I have several large xml.bz2 files from which I need to parse.
I am interested in getting context in <text></text>
. These xml files are mal-formatted, lacking <mediawiki xml:lang="en"></mediawiki xml:lang="en">
at the start and end (as https://en.wikipedia.org/wiki/Help:Export shows). As I run my code as below:
from lxml import etree
context = etree.iterparse("pages1.xml", tag = "text")

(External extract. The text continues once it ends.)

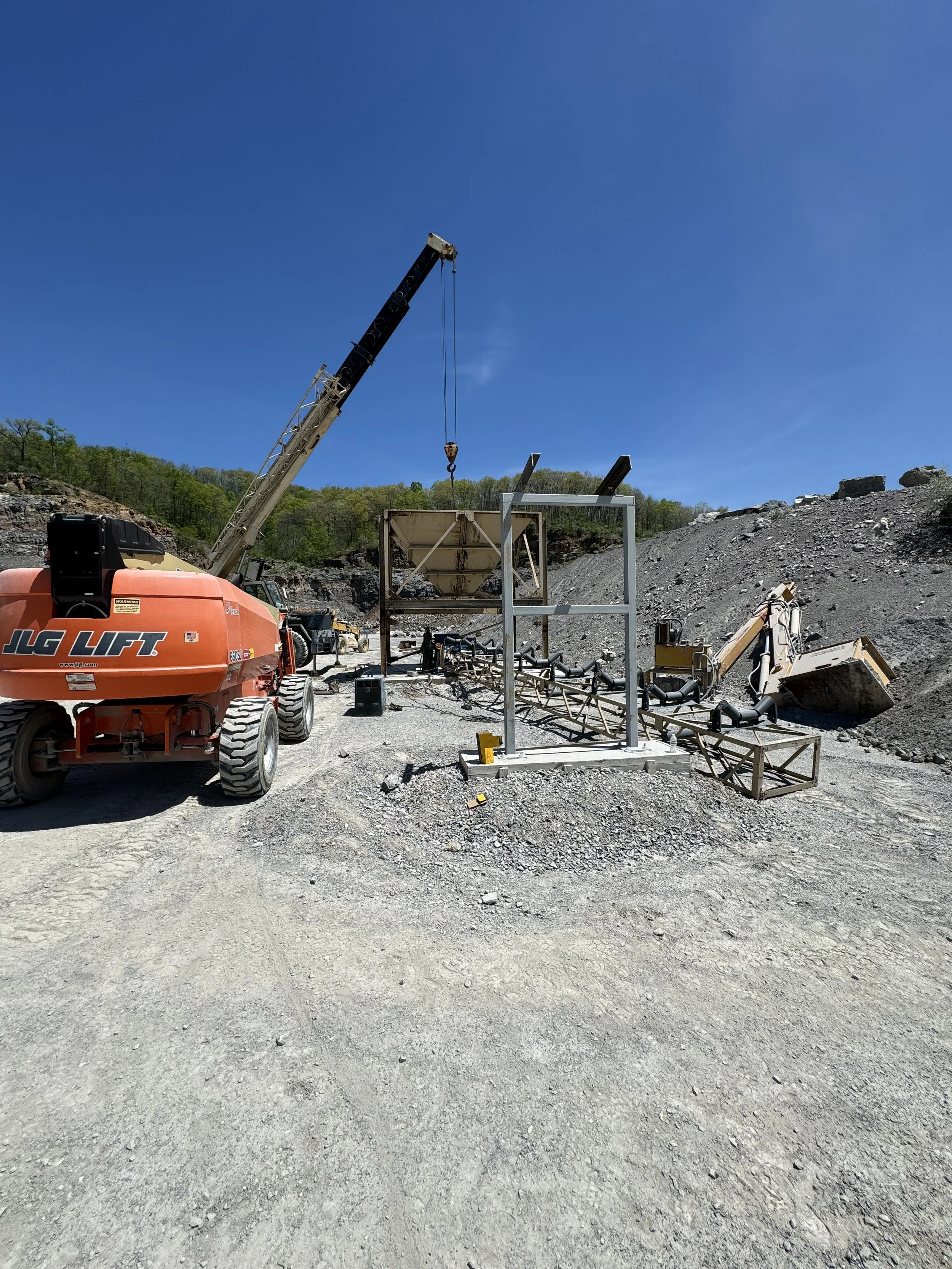 Construction site with a crane lifting a large object, section of a rocky hill, and construction equipment on a dirt ground.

for event, elem in context :
print elem.xpath( 'description/text( )' )
elem.clear( )
while elem.getprevious( ) is not None :
del elem.getparent( )[0]
del context
I received the error
lxml.etree.XMLSyntaxError: Extra content at the end of the document, line 256, column 3
I searched and found this post parsing large xml file with Python - etree.parse error, which suggests wrapping the entire XML with a tag. I am confused, however, how to add the main tag to an existing document. The structure of the xml file I have is as below. I highly appreciate your help. Thank you.
<page>
<title>Page title</title>
<!-- page namespace code -->
<ns>0</ns>
<id>2</id>
<!-- If page is a redirection, element "redirect" contains title of the page redirect to -->
<redirect title="Redirect page title" />
<restrictions>edit=sysop:move=sysop</restrictions>
<revision>
<timestamp>2001-01-15T13:15:00Z</timestamp>
<contributor>
<username>Foobar</username>
<id>65536</id>
</contributor>
<comment>I have just one thing to say!</comment>
<text>A bunch of [[text]] here.</text>
<minor />
</revision>
<revision>
<timestamp>2001-01-15T13:10:27Z</timestamp>
<contributor><ip>10.0.0.2</ip></contributor>
<comment>new!</comment>
<text>An earlier [[revision]].</text>
</revision>
<revision>
<!-- deleted revision example -->
<id>4557485</id>
<parentid>1243372</parentid>
<timestamp>2010-06-24T02:40:22Z</timestamp>
<contributor deleted="deleted" />
<model>wikitext</model>
<format>text/x-wiki</format>
<text deleted="deleted" />
<sha1/>
</revision>
</page>
<page>
<title>Talk:Page title</title>
<revision>
<timestamp>2001-01-15T14:03:00Z</timestamp>
<contributor><ip>10.0.0.2</ip></contributor>
<comment>hey</comment>
<text>WHYD YOU LOCK PAGE??!!! i was editing that jerk</text>
</revision>
</page>